Part A of essay Two in the series: The Suffocation of the Christian Communities in the Middle East
In recent months, our journalists and editors have had to think on their feet as they have sought ways to make western audiences aware of a massive fact about the Middle East that these same authorities have striven for decades not to notice– the methodical suffocation of the Christian minority of the Middle East by the Muslim majority.
This minority (as I noted in my previous essay) is made up of several widely-scattered communities, some going back many centuries prior to the time when the Middle East became Arab and Muslim. To get quickly to the bottom line: they amounted to 13% of the population of the Arab Middle East in 1900, they have been reduced to 1% today, and that remnant is presently being methodically harassed from the region. As this is happening, our leaders of opinion, including the leaders of the mainline churches, look the other way in order to focus their moral ire upon the imaginary monster of Islamophobia in our midst.
The key to this present Muslim campaign against Christianity in the Middle East is the history of the Empire of Islam; and the key to that history is dhimmitude.
In Egypt, as elsewhere in the Middle East, the lives of the Christian minority are lived out today under discriminatory laws, truly deserving of the epithet apartheid, put in place in the first years of the Muslim Conquest – that is, beginning in the late Seventh Century. Previously, Egypt had been a part of the realm of Christian potentates who, when the Arabs arrived unannounced in the mid-Seventh century, still considered themselves within the Empire of Rome (actually, its Eastern half, the Byzantine Empire.) When the Muslim conquest was complete, leaders of the Christian communities were summoned to the palaces of the Muslim masters and forced to acknowledge their new status as dhimmis(subordinated people).
The dhimma was the pact, or contract, under which conquered “People of the Book” (Christians, Jews and Zoroastrians) acknowledged the inferiority of their religion, and accepted to live under the command of their communities’ leaders – who, in turn, agreed to supervise the people’s adherence to a host of specific but constantly changing limitations on their lives and to report on their compliance to the Muslim masters. [Details can be found in Bat Ye’or, The Dhimmi: Jews and Christians under Islam (Farleigh Dickinson University, 1985.)] Dhimmi people (that is, all Christians and Jews) paid a heavy tax (jizyah) from which Muslims were exempt. Along the way and from place to place, the details changed; but among the most common and lasting features were that they were forbidden to own land (which greatly limited the economic prospects of their masses); their clothing was restricted to certain types and styles, and on it, at various times and places, they wore distinguishing badges – perhaps the symbol of a monkey for the Jews, a symbol of a pig for the Christians—so that they lived without dignity. As a Christian was not allowed to bear witness against a Muslim, they were always vulnerable to fraud and extortion; there was no salvation in appeal to the courts.
The key to all this is that the dhimma was an unequal contract, subject to revision by the master party whenever a new idea occurred for wringing profit from the dhimmi‘s situation, and subject to rescinding altogether when an excuse occurred for accusing the dhimmi community of bad behaviour or treason.
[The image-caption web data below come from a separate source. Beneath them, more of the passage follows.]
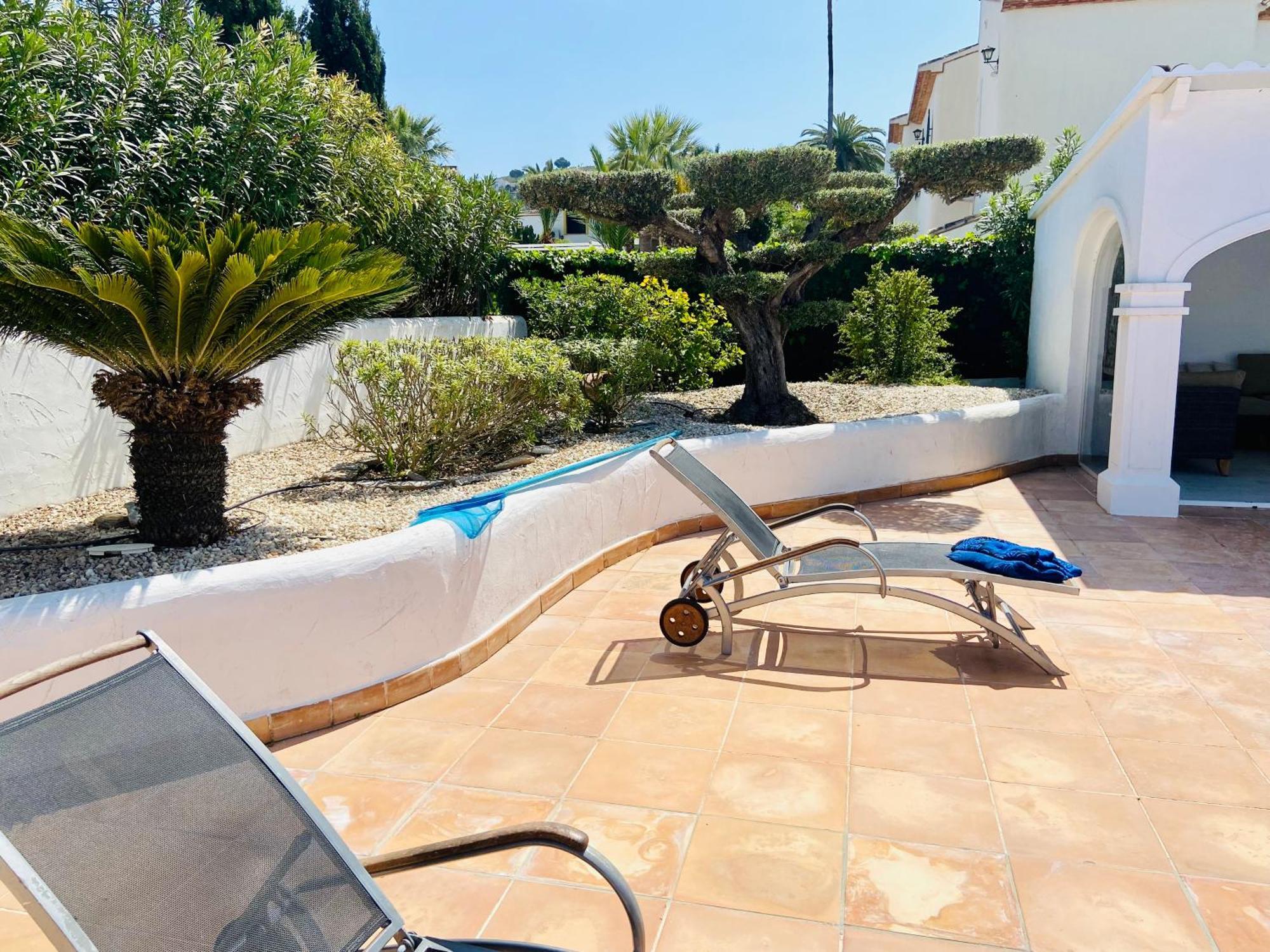 Entiere Piscine Et Cuisine D'ete A Pinosol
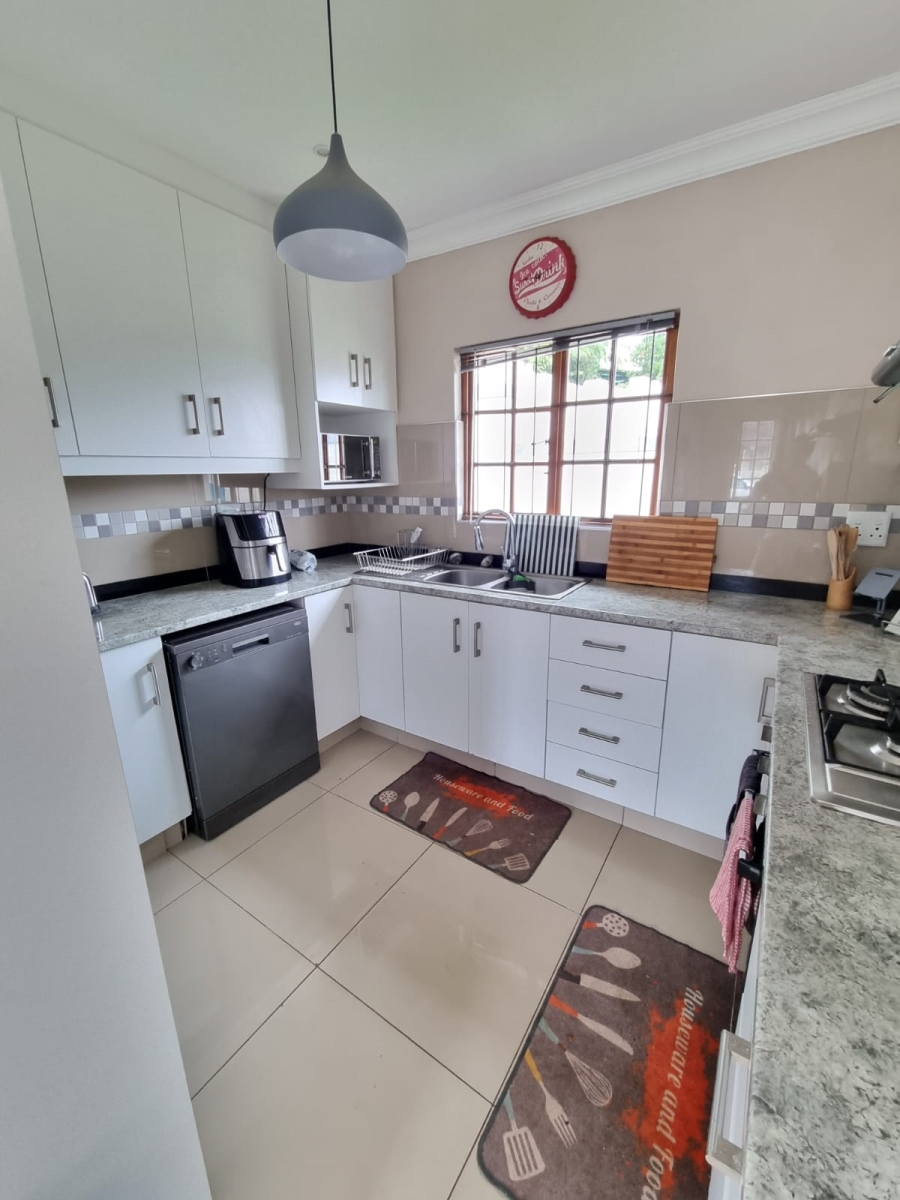 To Let 2 Bedroom Property for Rent in Waterfall KwaZulu-Natal
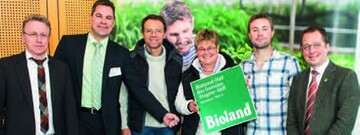 (v.l.n.r.) Alfons Kopf, Edeka Sdwest, Johannes Bliestle,
Reichenau Gemse eG, Berndt, Ingrid und Benjamin
Wagner, Dr. Christian Eichert, Bioland
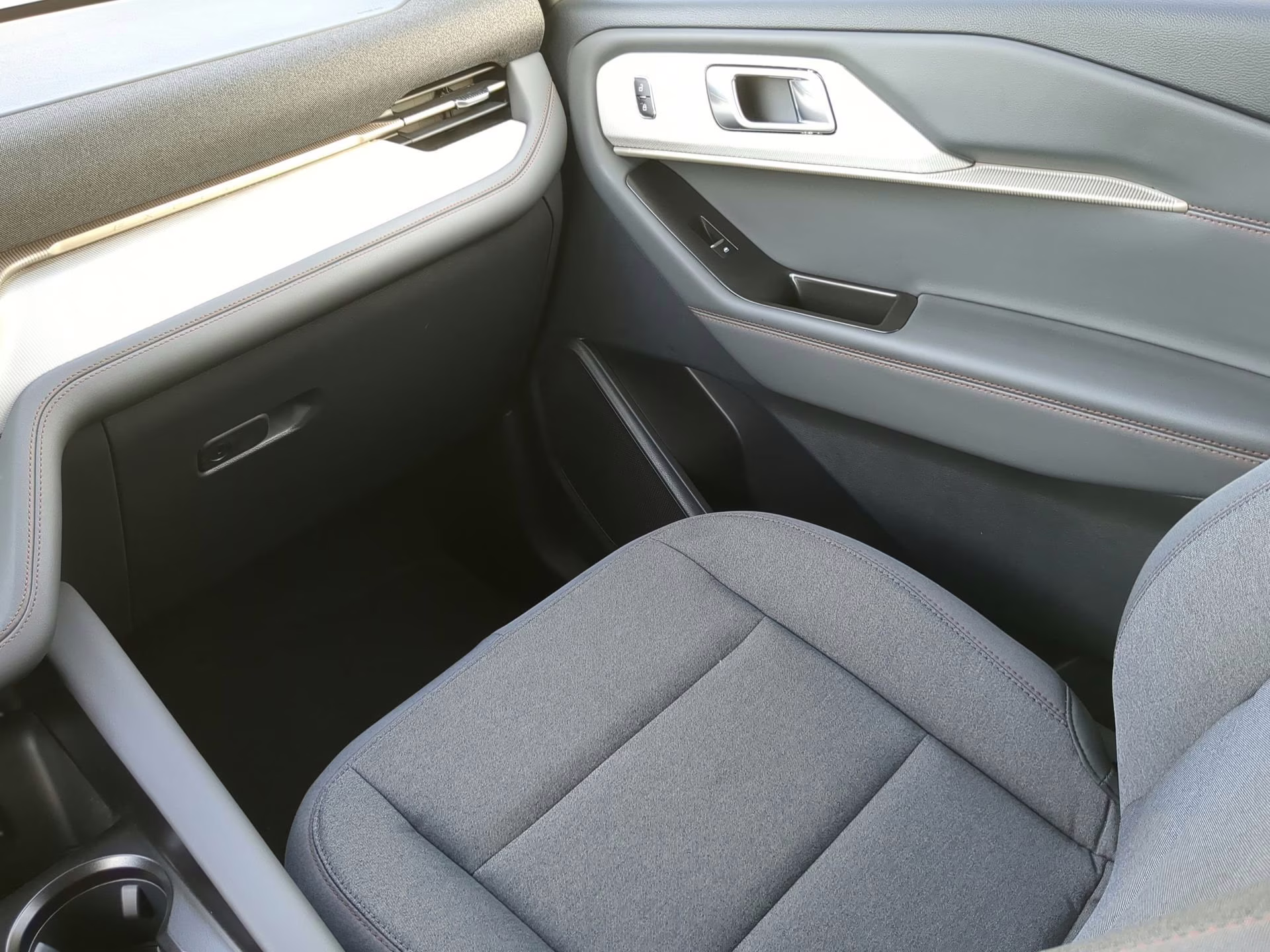 2026 Vapor Blue Metallic Ford Explorer Active RWD SUV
The law of the land forbade Christians from making any alterations in the premises where they worshipped – no improvements, and certainly no expansion – without permission from the Muslim authorities.
Those among us who strive to put Islam and Islamic history in a positive light, so as to score debating points against Christianity for its less-than-perfect record, interject at this point that the benign purpose behind this policy was “protection” of the religious minorities. But, of course the kind of “protection” extended was of the kind that the mafia offers – protection from itself. The very notion of “protection” should have no part in anyone’s thinking about anything today. The notion, in particular, of protection of religious belief and exercise by the state is an utterly and regressive one in our part of the world where the right to worship is supposed to exist without respect to how either the state or the church feels about it.
In the world of Islam, a Christian had no individual rights in any department of life, but if he belonged to one of the accredited and ancient church communities, he was able to practice his faith with strict limits. The theory was that as Christians became restless, living humiliating lives, they would see the light and convert to Islam –it being absolutely clear under the laws of the Qur’an that to convert back to Christian faith made one immediately subject to the death penalty. All in all, it worked out – it is still working out –as Muhammad had foreseen.
What is truly really remarkable is not that Christians and Jews converted (while Zoroastrians virtually disappeared), but that a substantial minority still had not done so by the Nineteenth Century, when the intrusion of European powers into the area provided them for the first time a measure of real protection. [Steven Runciman, The Great Church in Captivity (Cam bridge: Cambridge University Press, 1968), 78-81.]